Decided and Entered:November 10, 2021
531711

[*1]In the Matter of the Claim of Petal Smith, Respondent. City School District of the City of New York, Appellant. Commissioner of Labor, Respondent.

Calendar Date:October 15, 2021
Before:Egan Jr., J.P., Clark, Aarons, Pritzker and Reynolds Fitzgerald, JJ.

Georgia M. Pestana, Corporation Counsel, New York City (Susan Paulson of counsel), for appellant.

Salvatore C. Adamo, Albany, for Petal Smith, respondent.



Pritzker, J.

Appeal from a decision of the Unemployment Insurance Appeal Board, filed December 12, 2019, which ruled, among other things, that claimant was eligible to receive unemployment insurance benefits.

Claimant worked as a per diem substitute teacher for the City School District of the City of New York during the 2017-2018 school year. She was paid only for the days she worked. Claimant worked a total of 18 days during that school year, often declining per diem assignments due to conflicts with her other part-time job and because she was facing eviction. She last worked on June 25, 2018, the final day of school. On July 16, 2018, the school district advised claimant that she was ineligible to serve as a substitute teacher in the 2018-2019 school year as she had not worked the required 20 days as a substitute teacher in the prior school year.

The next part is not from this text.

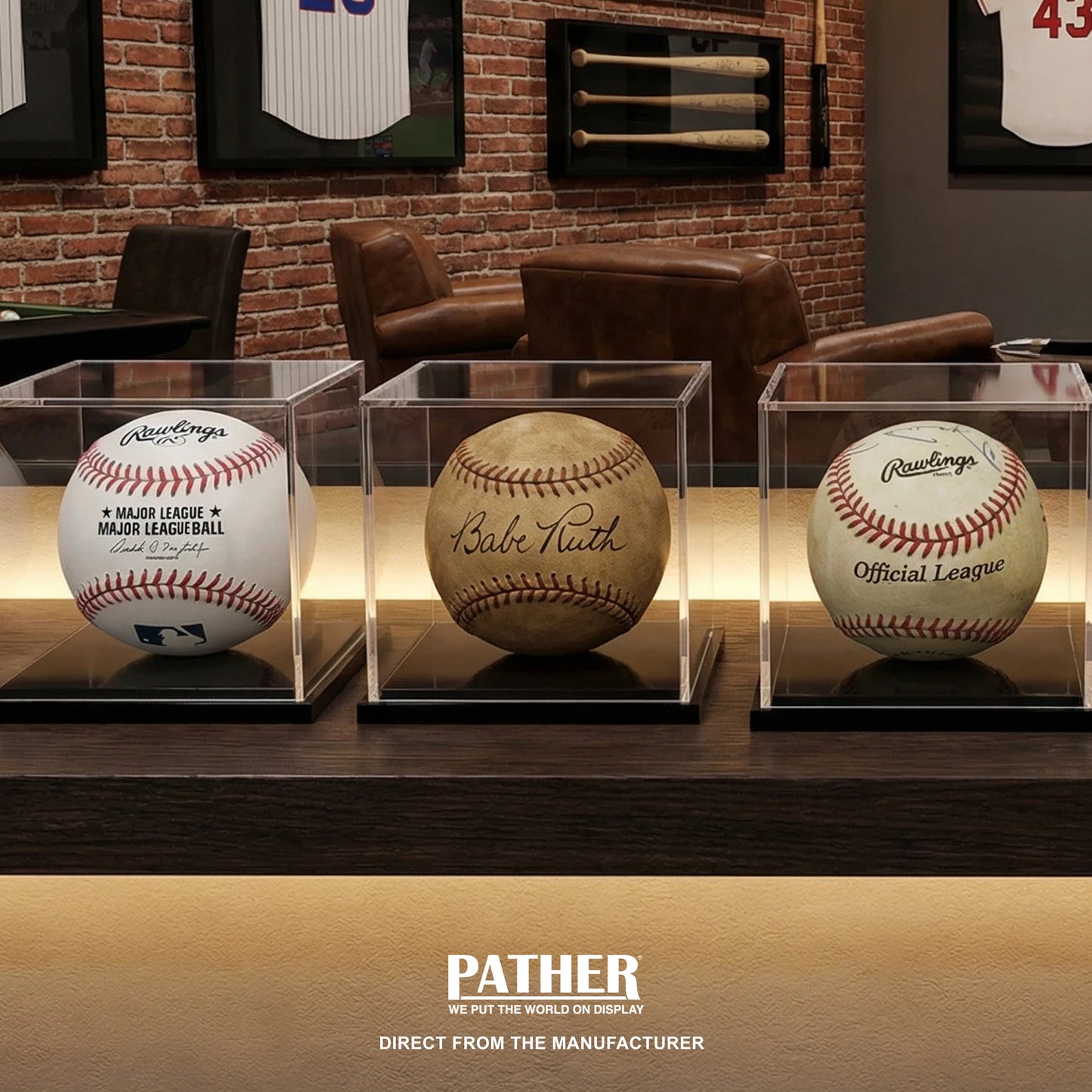 PATHER. Baseball Display Case - 9 Slots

On July 22, 2019, claimant applied for unemployment insurance benefits, citing the lack of work at her part-time job. The Department of Labor determined that claimant was eligible to receive benefits. The school district objected, arguing that claimant had provoked her discharge for failing to complete the required 20 days of per diem work. After a hearing, an Administrative Law Judge and, thereafter, the Unemployment Insurance Appeal Board, affirmed the initial determination, finding that, as a per diem employee, claimant's employment relationship with the school district ended on her last day of work, June 25, 2018. As such, claimant did not have an employment relationship with the school district at the time that she applied for benefits, and could not be found to have provoked her discharge or voluntarily quit. The school district appeals from that determination.

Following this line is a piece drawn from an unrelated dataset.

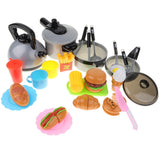 Maxbell 10pcs Kitchen Cookware+15pcs Food Play Cutting Kids Pretend Play Cooking Toy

Given that substantial evidence supports the Board's determination, it must be affirmed. The narrow issue presented is whether the Board correctly determined that claimant, a per diem employee who was last employed by the school district on June 25, 2018, did not thereafter cause her discharge or voluntarily quit by not pursuing avenues to renew her per diem eligibility.[FN1] As the Board found, on the days that claimant had an employment relationship with the school district, she did not engage in misconduct, was not discharged and did not quit (compare Matter of Young [Commissioner of Labor], 263 AD2d 821, 821-822 [1999]). When she applied for unemployment insurance benefits, she no longer had an employment relationship with the school district, which had advised her that she would not be renewed in that role based upon her noncompliance with the 20-day work requirement during the prior school year. Moreover, the school district did not establish that it was compelled to discontinue claimant's status as a per diem teacher on that basis (see Matter of DeGrego [Levine], 39 NY2d 180, 183-184 [1976]). Accordingly, we discern no grounds upon which to disturb the Board's finding that claimant was entitled to benefits and that wages paid to [*2]her by the school district can be used to establish a future claim for benefits.

Egan Jr., J.P., Clark, Aarons and Reynolds Fitzgerald, JJ., concur.

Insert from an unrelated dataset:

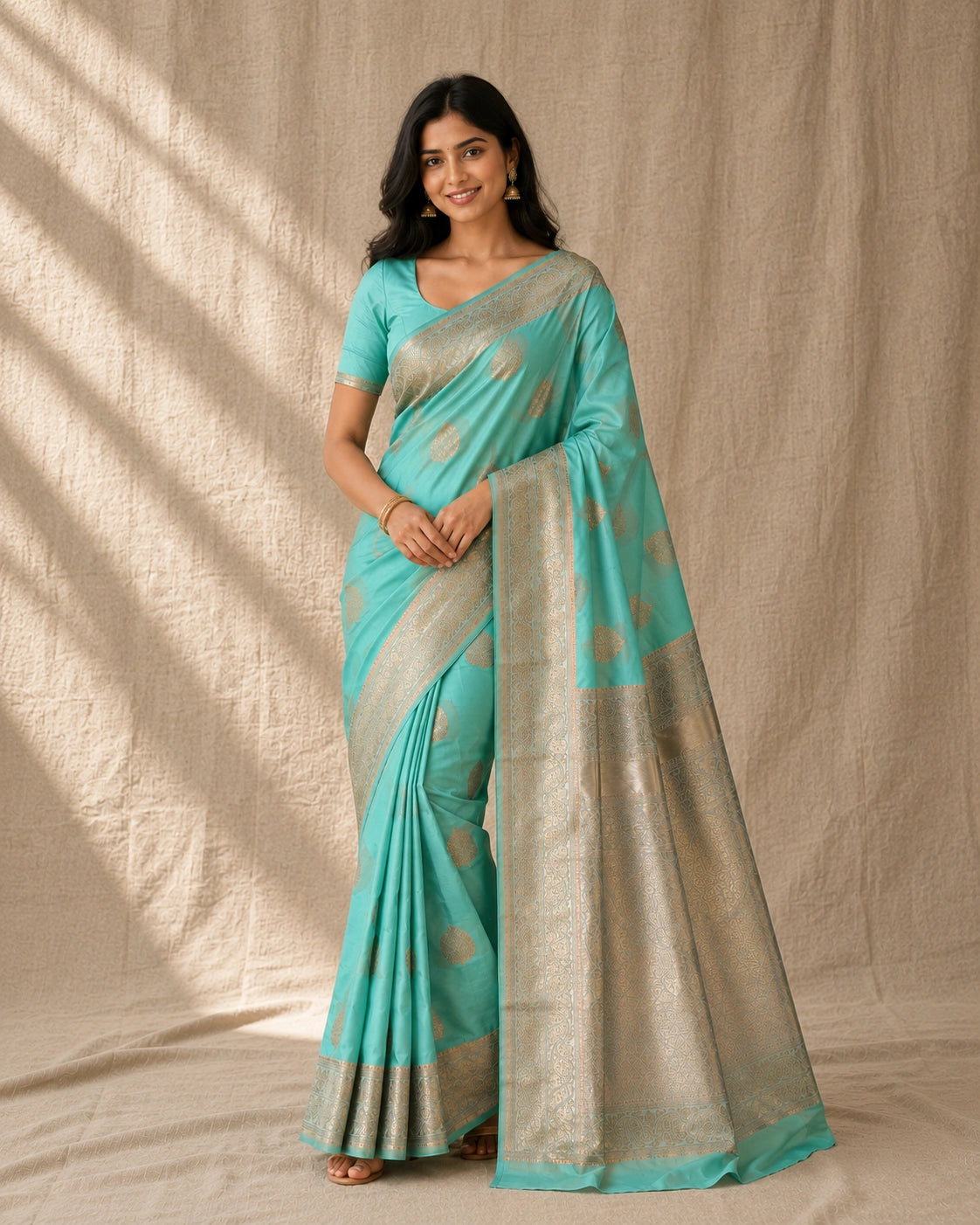 Aqua Bronze Silk Saree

ORDERED that the decision is affirmed, without costs.

Footnotes

Footnote 1: The school district did not argue that it had provided claimant with reasonable assurance of continued per diem employment (compare Labor Law § 590 [10]; Matter of Gracy [Commissioner of Labor], 182 AD3d 871, 872-873 [2020]; Matter of Felipe [New York City Sch. Dist.-Commissioner of Labor], 175 AD3d 1698, 1699 [2019]).